Philipp May: Der eben schon angesprochene Helmut Dedy, Hauptgeschäftsführer des Deutschen Städtetages, hat schon mitgehört und ist jetzt am Telefon. Schönen guten Morgen!
Helmut Dedy: Schönen guten Morgen, Herr May.
May: War das ein guter Tag für alle Stadtbewohner?
May: Schwierige Frage. Es war insofern ein guter Tag, als wir jetzt ein bisschen mehr Klarheit haben, und es war vielleicht auch ein guter Tag, weil das Bundesverwaltungsgericht gesagt hat, der Grundsatz der Verhältnismäßigkeit, der spielt eine große Rolle, und das ist, glaube ich, keine so schlechte Botschaft.
May: Aber die Städte dürfen de facto jetzt Fahrverbote erlassen. Das war auch die große Eilmeldung, die gestern kam. Dann müssten Sie sich eigentlich freuen über das Urteil, wenn Sie was dürfen?
Dedy: Na ja. Die beiden ganz konkreten Fälle, Stuttgart und Düsseldorf, da ist es jetzt so, dass die Länder die Luftreinhaltepläne fortschreiben müssen, weiterentwickeln müssen, und sie müssen auch klären, ob Fahrverbote nötig sind. Und wenn die Fahrverbote nötig sind, dann werden wir sie umsetzen müssen, und da kann man nur sagen, wir haben im Moment überhaupt nicht das Instrumentarium dazu. Also es macht nicht so richtig Freude, etwas zu dürfen, es dann aber vielleicht praktisch nicht zu können. Das ist nicht die Ideallösung.
May: Das heißt, es geht nur mit der blauen Plakette, die die Bundesregierung beziehungsweise dort vor allem die Union partout nicht einführen will?
Dedy: Wir haben bei der Umsetzung der Entscheidung, glaube ich, im Praktischen zwei Probleme. Einmal sagt das Bundesverwaltungsgericht, Streckensperrungen können gehen. Das ist das, was ja Hamburg gestern auch schon angekündigt hat als Reaktion darauf.
May: Ja, Max-Brauer-Allee. Die kenne ich, in der Nähe habe ich mal gewohnt. Da steht zufällig eine Messstation.
Dedy: Und dann sperren Sie diese Strecke und das heißt, der Verkehr sucht sich Ausweichwege.
"Wir brauchen eine bundeseinheitliche Regelung"

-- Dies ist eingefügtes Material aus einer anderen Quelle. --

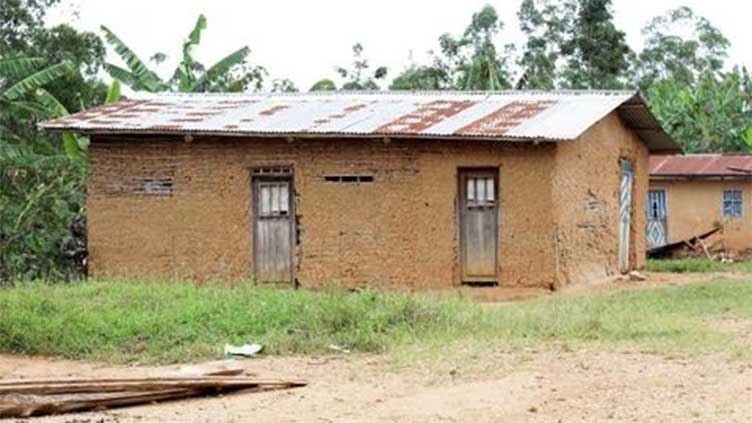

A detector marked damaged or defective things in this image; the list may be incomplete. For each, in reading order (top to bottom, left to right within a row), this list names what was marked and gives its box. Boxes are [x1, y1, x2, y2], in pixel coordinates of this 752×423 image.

May: Das würde dann die Königsstraße sein, wo alle ausweichen auf dem Weg nach Altona. Die werden sich freuen, es wird da ganz schön stickig dann.

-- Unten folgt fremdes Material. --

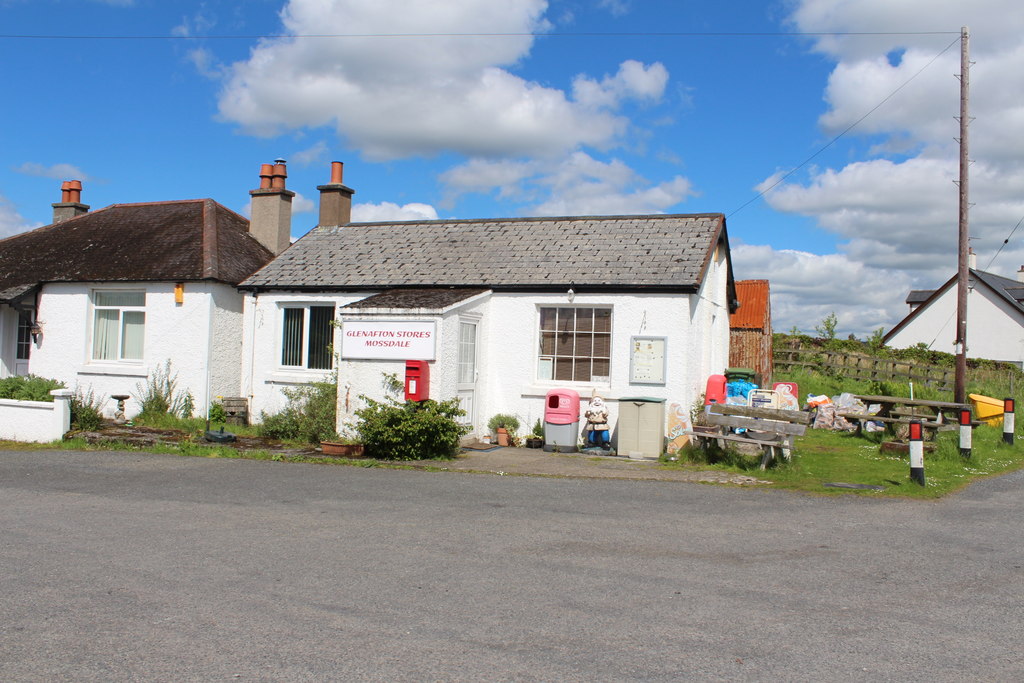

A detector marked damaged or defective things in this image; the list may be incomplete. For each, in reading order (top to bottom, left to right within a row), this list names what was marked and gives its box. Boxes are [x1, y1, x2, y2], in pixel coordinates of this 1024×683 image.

rusty shed roof [0, 198, 274, 303]
rusty shed roof [729, 278, 770, 329]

Dedy: Das ist eine Möglichkeit, oder sie fahren durch die Wohngebiete oder an der Schule vorbei. Das macht eigentlich überhaupt keinen rechten Sinn, das wird man sich sehr genau angucken müssen, wie das geht.
Und das zweite ist: Wir wissen nach wie vor nicht, was für ein Fahrzeug das ist, wenn es auf uns zugefahren kommt. Ist das ein Diesel, ist das ein Benziner, das ist unbekannt. Deshalb braucht es eine Kennzeichnung und wir brauchen, glaube ich, eine bundeseinheitliche Regelung. Es ist keine schöne Vorstellung, dass Sie mit einem Diesel in Deutschland unterwegs sind, und Sie wissen nicht, in welche Stadt dürfen Sie und in welche Stadt dürfen Sie nicht.

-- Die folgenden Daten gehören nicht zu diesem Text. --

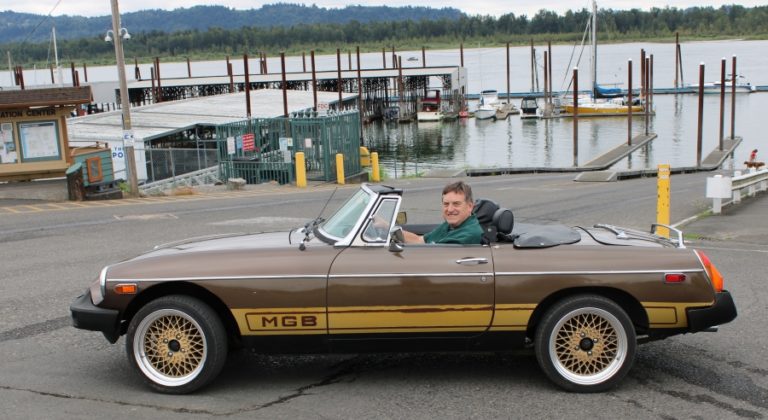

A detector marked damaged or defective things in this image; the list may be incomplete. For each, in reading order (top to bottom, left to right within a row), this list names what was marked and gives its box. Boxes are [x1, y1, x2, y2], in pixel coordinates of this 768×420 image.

pavement crack [0, 316, 70, 342]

May: Es ist ja gut, dass Sie das fordern. Was machen Sie, wenn sich die Bundesregierung weiterhin verweigert?
Dedy: Die Bundesregierung wird sich nicht weiterhin verweigern können. Ich denke, dass der Hinweis des Bundesverwaltungsgerichts zu sagen, die Euro-vier-Diesel müssen früher aus den Städten raus als die Euro fünf, dass das ein ganz klarer Fingerzeig ist, dass die Bundesregierung mit der Autoindustrie deutlicher sprechen muss. Die muss denen sagen, ihr habt das angerichtet, ihr müsst das jetzt ausbaden, und natürlich auch auf Kosten der Autoindustrie, nicht auf Kosten der Leute, die die Fahrzeuge gekauft haben.
Bei der blauen Plakette, da bin ich mir auch relativ sicher, dass die Bundesregierung kein Interesse daran hat, einen Flickenteppich in Deutschland zu haben. Wir fordern schon seit zwei Jahren die blaue Plakette. Bisher haben sie da nicht nachgegeben. Ich bin zuversichtlich, dass das Urteil jetzt diese Diskussion noch mal neu beleben wird.
May: Wir haben gerade schon Jürgen Resch von der Umwelthilfe gehört. Der hat schon angekündigt, klagen zu wollen, sollten die neuen Luftreinhaltepläne, die jetzt angepasst werden müssen, nicht eingehalten werden. Sie gehen auch davon aus, dass es jetzt in den bis zu 70 Städten tatsächlich dann irgendwann zu Fahrverboten kommt über die Zeit?
Dedy: Na ja, wir müssen bei den 70 Städten differenzieren, wie die Grenzwerte gerissen werden. Wir haben Städte, da liegt der 40er-Grenzwert praktisch bei 80, in anderen liegt er bei 42. Wenn ich eine Stadt habe, wo 42, 43 Mikrogramm auftreten, da werde ich das wahrscheinlich noch hinbekommen, auf unter 40 zu kommen. Aber bei den richtig schwierigen Fällen, da wird das nicht gehen und da werden wir um Fahrverbote nicht drum herumkommen.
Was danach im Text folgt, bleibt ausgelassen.